The Adams administration was initially expected to start sending migrants via bus to the Armoni Inn & Suites in Rockland’s Orangetown last week, with a goal of getting some 340 asylum seekers relocated there within weeks.

Those plans were upended when Orangetown Supervisor Teresa Kenny, a Republican, convinced a Rockland County Supreme Court judge to issue a restraining order last Tuesday barring the hotel from housing any migrants coming up from New York City.

That restraining order was set to expire Monday — but in a ruling over the weekend, Rockland County Supreme Court Justice Christie D’Alessio extended it until at least May 31.

In a separate case brought by Rockland County Executive Ed Day, also a Republican, one of D’Alessio’s colleagues on the bench, Justice Thomas Zugibe, issued another temporary restraining order late last week prohibiting Adams’ administration from sending any migrants to Armoni. Zugibe’s decision will stay in effect at least until May 30, when he ordered lawyers for Day’s office and the Adams administration to appear in court for a hearing.

Given the restraining orders, it appears unlikely Adams’ administration would bus any migrants to Armoni until June 1 at the earliest. Adams spokesman Fabien Levy said Monday the administration is not backing off its Rockland effort, but confirmed it will let the court cases play out before sending any buses to Armoni.

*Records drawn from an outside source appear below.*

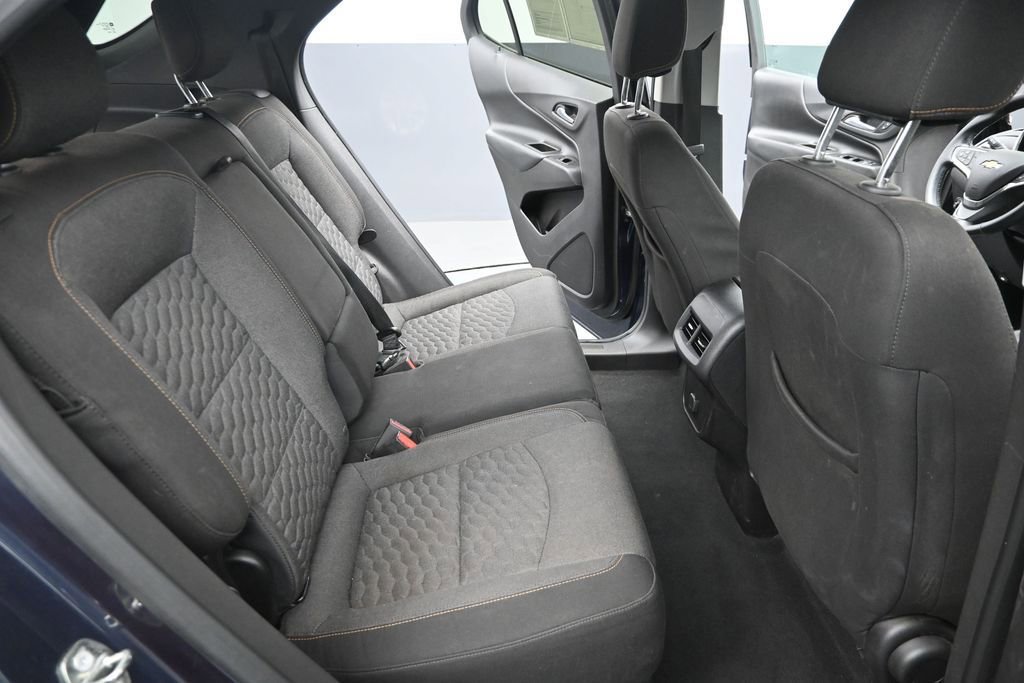 Used 2018 Chevrolet Equinox LT FWD image 26
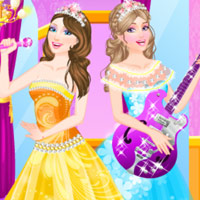 Betty And Popstar Dress Up Game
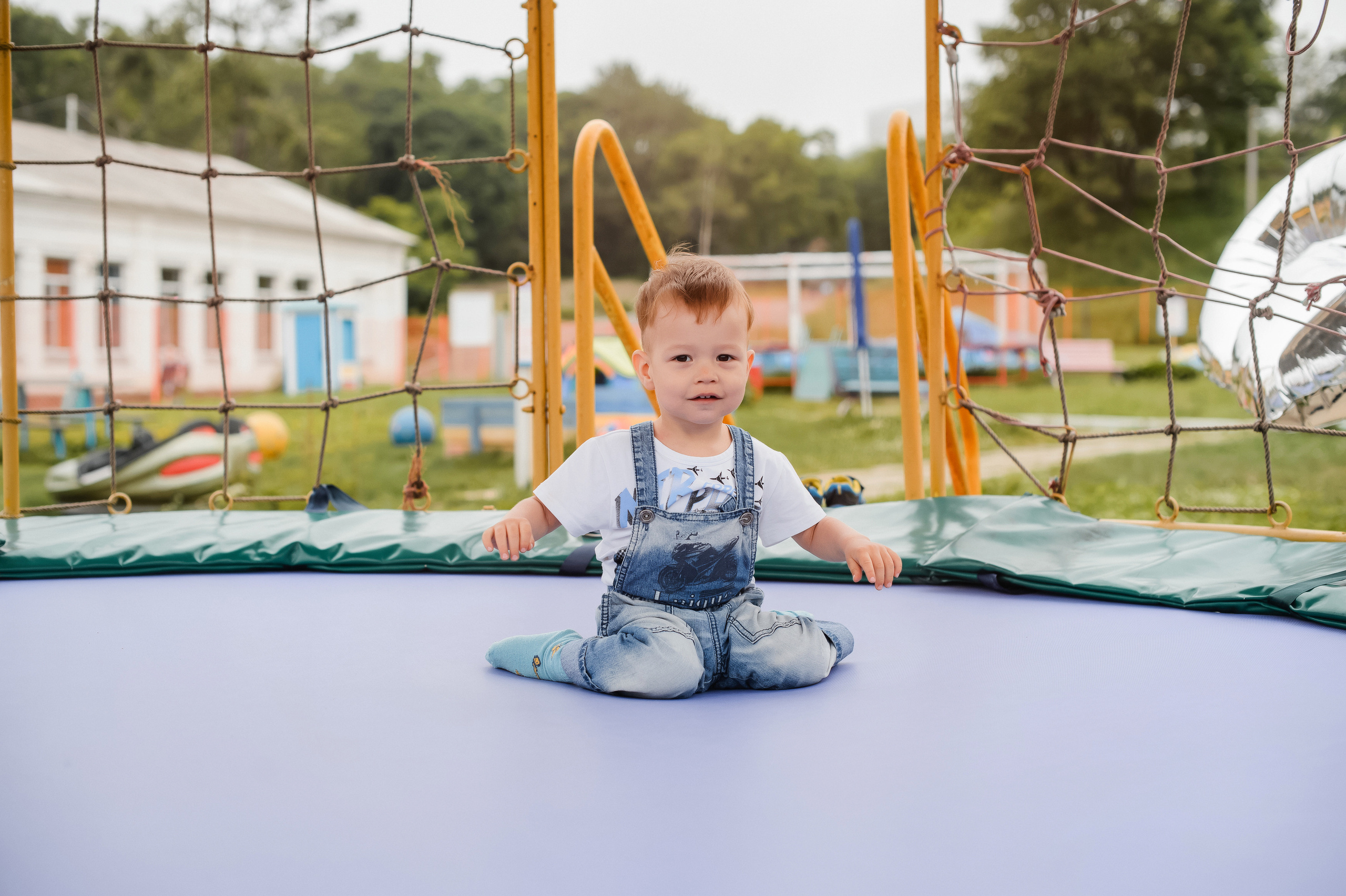 Прогулка с карапузом в парке минного городка. Фотограф Владивосток. Игорь Кирсанов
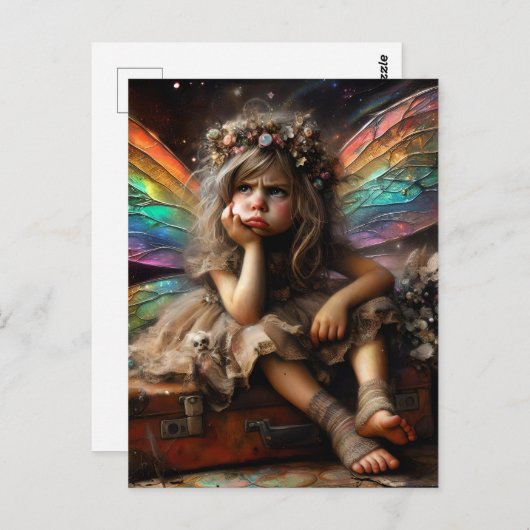 いらだちの可愛らしい妖精はスーツケースに座っている ポストカード (正面/裏面)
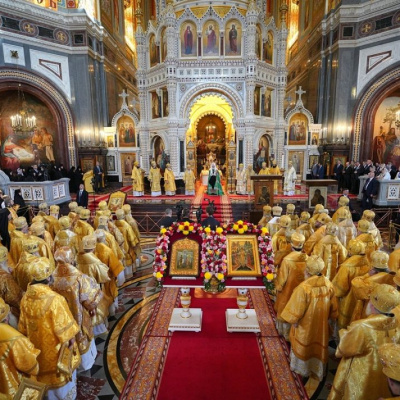Митрополит Екатеринодарский и Кубанский Василий сослужил Святейшему Патриарху в Храме Христа Спасителя
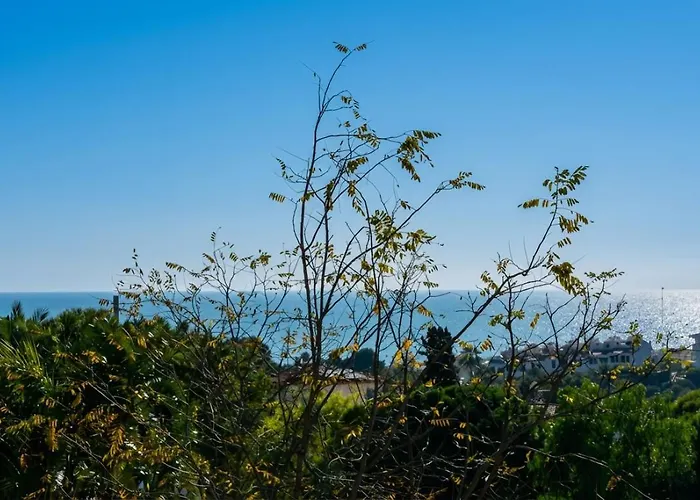 Willa Med A 2 Kilometros Andando De La Playa, Del Puerto De Aguadoc Y A 4 Del Centro De Muy Soleada Todo El Dia Capacidad Superior A 16 Personas No Requiere Coche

In another blow to Adams’ hope of sheltering migrants at Armoni, the Rockland County Department of Health on Saturday ordered the hotel to shut down operations entirely.

“This action was in direct response to the Armoni Inn operating without a valid permit that had expired,” Day wrote in a Facebook post.

Armoni can apply for its hotel permit to be renewed. It was unclear if it had done so Monday, and a lawyer for the hotel did not return a request for comment.

Adams is desperate to send migrants upstate because the city’s shelter and emergency hotel systems are at capacity, housing more than 40,000 asylum seekers, most of them from Latin America. The mayor — whose administration would pay for hotel rooms and services for the asylum seekers — has accused Republican officials upstate of fear-mongering about migrants and argued it should be incumbent on them to help the city.

In addition to the upstate initiative, Adams’ administration has opened emergency migrant shelters in several city public school gyms.

With the Rockland County initiative stalled, the mayor appears to have turned his attention elsewhere.

Yonkers Mayor Mike Spano said over the weekend he had gotten word Adams plans to send about 100 migrant families to his Westchester County city.

Despite being a fellow Democrat, Spano blasted the Adams administration’s “sheer lack of communication and planning” around the migrant transports to his city as “unacceptable.”

“We are being told families will be housed here for at least a year, yet Yonkers is not being provided the resources on how to deal with the additional schooling, public safety, and health services needed to assist these individuals,” Spano said in a statement.

In contrast to the Rockland dilemma, the Adams administration successfully sent nearly 100 migrants to a hotel in the Orange County city of Newburgh last week.

Orange County Executive Steve Neuhaus, a Republican, on Friday filed a lawsuit asking a state judge to block Adams from continuing the Newburgh program.